Doch wie sich herausstellte, handelte es sich bei der Teenagerin um Linda W. aus dem idyllischen Pulsnitz in Sachsen. Die Schülerin war vor einem Jahr verschwunden, nachdem sie zum Islam konvertierte und über Internet-Chats mit IS-Anhängern in Kontakt stand. Ein Foto des deutschen Mädchens, Trümmerstaub im Haar, inmitten irakischer Soldaten, ging nach ihrer Festnahme um die Welt. Die Regierung in Berlin konnte mittlerweile offiziell bestätigen, dass sich Linda W. und bis zu vier andere Deutsche in den Händen der irakischen Armee befinden.

Brachte Teenagerin in IS-Hochburg Baby zur Welt?
Die britische Zeitung "The Sunday Times" berichtete indessen am Sonntag, die junge Deutsche sei mit einem Baby aufgegriffen worden. Der kleine Junge in ihrer Obhut sei unterernährt gewesen und habe in einem Krankenhaus versorgt werden müssen. Ob es ihr eigenes Kind sei, blieb vorerst unklar. Wie ein namentlich nicht genannter Soldat gegenüber der Zeitung verraten haben soll, habe Linda W. das Baby seit ihrer Festnahme ständig bei sich. Sie produziere auch Muttermilch, ein Hinweis darauf, dass es sich tatsächlich um ihr eigenes Kind handeln könnte.

Laut "Sunday Times" soll die Deutsche bei ihrer Festnahme einen gefälschten Personalausweis sowie eine Waffe bei sich getragen haben. Sie habe sich mit den Personalien eines verschwundenen jesidischen Mädchens ausgewiesen und sich geweigert, ihren Namen zu nennen. Ihre Identität habe unter anderem mithilfe von Fotos und ihrer Sprache ermittelt werden können.

Reporter traf Deutsche in irakischer Kaserne
Ein Reporter des Rechercheverbunds von NDR, WDR und "Süddeutscher Zeitung" konnte die IS-Braut nun auf der Krankenstation einer Kaserne der irakischen Armee zu einem Gespräch treffen. Linda W. wird dort behandelt. Sie ist leicht verletzt, es gehe ihr aber eigenen Worten zufolge gut. Am linken Oberschenkel habe sie eine Schusswunde, am rechten Knie eine Verletzung. Vermutlich traf sie der Splitter einer von einem Hubschrauber abgefeuerten Rakete. Eigentlich sollte sie in ein Krankenhaus in die Hauptstadt Bagdad gebracht werden, aber dann hieß es, dort könne man nicht für ihre Sicherheit garantieren. In dem Krankenhaus werden viele Opfer des IS behandelt.

Die 16-Jährige hofft nun, nach Deutschland ausgeliefert zu werden: "Ich will weg aus dem Krieg, weg von all den Waffen, all dem Leid." Vom IS habe sie sich losgesagt, beteuert das Mädchen. Sie werde mit den Behörden kooperieren und bereue ihre Entscheidung, sich den Extremisten angeschlossen zu haben. "Ich will nur noch weg", habe sie gegenüber dem Reporter gesagt.

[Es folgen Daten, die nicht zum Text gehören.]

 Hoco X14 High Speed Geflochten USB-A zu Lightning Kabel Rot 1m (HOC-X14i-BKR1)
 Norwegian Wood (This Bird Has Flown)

Linda W. hatte nach ihrer Ankunft im IS-kontrollierten Gebiet in Mossul gelebt - als Ehefrau eines Kämpfers, der schon bald nach ihrer Ankunft gestorben sei.  Sie habe damals einen Monat gebraucht, in den Irak zu kommen, eigentlich habe sie gar nicht nach Mossul gewollt, sie sei dorthin "verfrachtet" worden, so das Mädchen.

Bis zu fünf deutsche IS-Frauen sollen nach Hause geholt werden
Neben Linda wurden bis zu vier weitere deutsche Frauen von der irakischen Armee aufgegriffen. Mindestens zwei von ihnen sind in der irakischen Kaserne, in der der irakische Reporter das Mädchen traf. Der Bundesnachrichtendienst bemüht sich laut dem Bericht in Absprache mit dem Auswärtigen Amt darum, die deutschen Frauen nach Hause zu holen.

Die Dresdener Staatsanwaltschaft bestätigte mittlerweile, dass Linda W. konsularisch betreut wird. In Deutschland läuft gegen Linda W. ein Verfahren wegen des Verdachts der Aufnahme von Beziehungen zur Begehung einer schweren staatsgefährdenden Gewalttat. Ihr und den anderen Frauen könnte aber auch im Irak der Prozess gemacht werden. Sollten die irakische Ermittler nachweisen, dass Linda für den IS kämpfte, droht ihr dort die Todesstrafe.